MERCUSUAR.CO, Wonosobo – International Standard Book Number (ISBN) adalah identifikasi unik yang digunakan dalam penerbitan buku di Indonesia. Saat ini, dunia penerbitan domestik menghadapi dugaan krisis ISBN. UNS Press, lembaga penerbitan dari Universitas Sebelas Maret, menyatakan bahwa krisis ISBN di Indonesia tampaknya terjadi sebagai hasil dari lonjakan penerbitan selama pandemi COVID-19 pada tahun 2020 dan 2021.
ISBN sendiri adalah nomor unik berisi 13 digit yang diterbitkan oleh Badan Internasional ISBN, yang berbasis di London, dan didistribusikan ke negara-negara termasuk Indonesia. Krisis ISBN terjadi ketika jumlah nomor ISBN yang terbatas di suatu negara mengalami penurunan signifikan. Hal ini bisa terjadi karena peningkatan drastis dalam penerbitan buku ber-ISBN dalam waktu singkat.
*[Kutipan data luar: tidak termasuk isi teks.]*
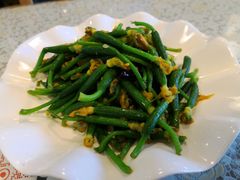 -文三里屯面馆(三里屯店)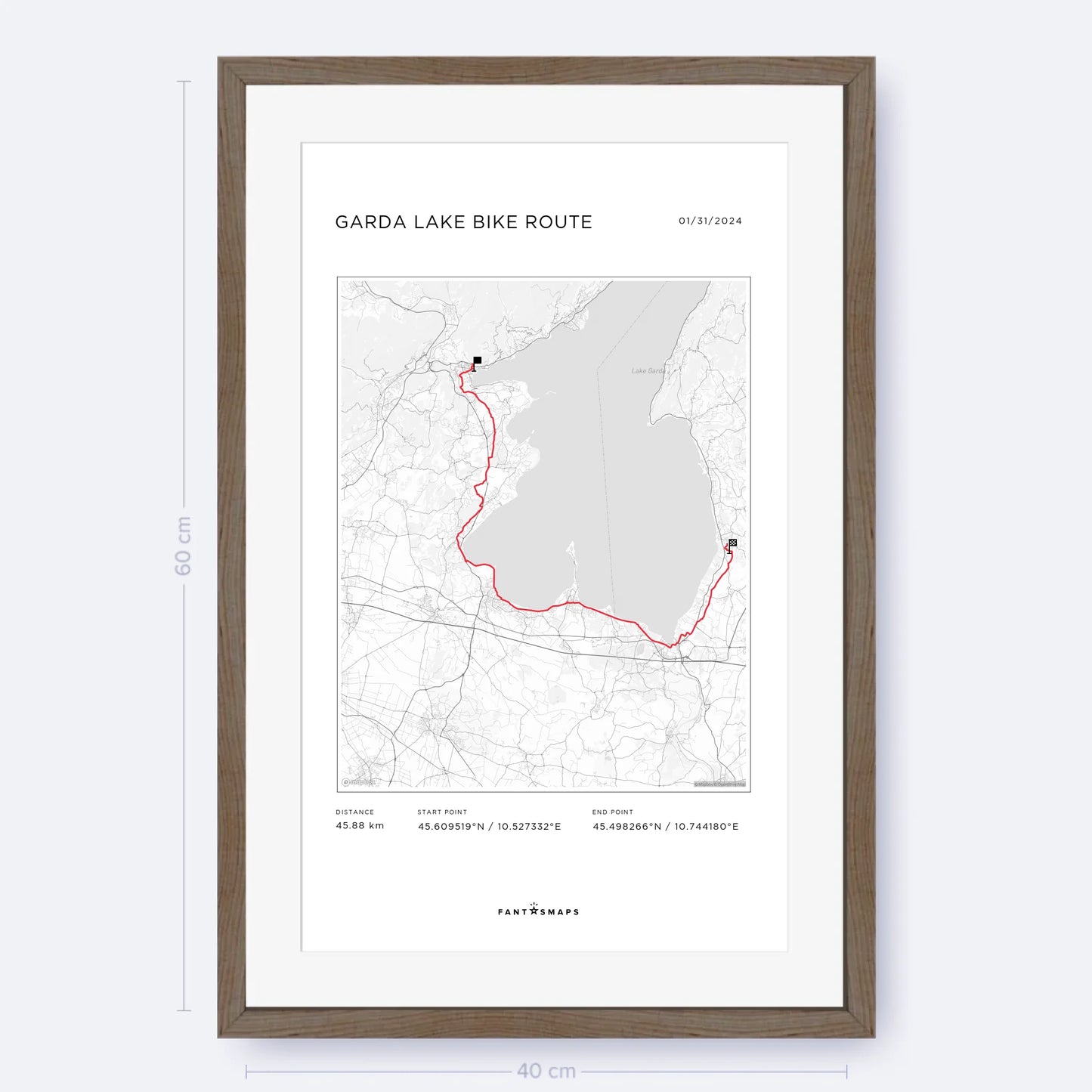 frame_walnut_passp_40x601x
Menurut catatan UNS Press, krisis ISBN di Indonesia dimulai setelah Badan Internasional ISBN London memberikan teguran kepada Perpustakaan Nasional (Perpusnas), satu-satunya lembaga dalam negeri yang memiliki wewenang untuk mendistribusikan ISBN di perusahaan penerbit Indonesia. Teguran ini berkaitan dengan jumlah penerbitan buku yang dianggap tidak wajar di Indonesia, dengan klaim bahwa sebanyak 208.191 buku ber-ISBN telah diterbitkan antara 2020 hingga 2021.
Data statistik Perpusnas mencatat bahwa pada tahun 2023, sudah lebih dari 728.389 buku yang diterbitkan dengan ISBN. Jumlah terbitan ini jauh melampaui jumlah nomor ISBN yang tersedia di dalam negeri, yang terakhir dialokasikan sebanyak 1 juta nomor pada tahun 2018. Saat ini, diperkirakan hanya tersisa sekitar 270 ribu nomor ISBN di Indonesia.
Kondisi krisis ISBN dapat mempersulit penerbitan buku-buku tersebut dengan nomor ISBN. Meskipun tanpa ISBN, buku-buku atau produk lainnya tetap dapat diterbitkan dan dijual secara online maupun offline, karena ISBN tidak memengaruhi legalitas penjualan buku. Namun, kondisi ini dapat berdampak pada proses penerbitan ulang buku dan memperpanjang waktu penantian untuk mendapatkan ISBN.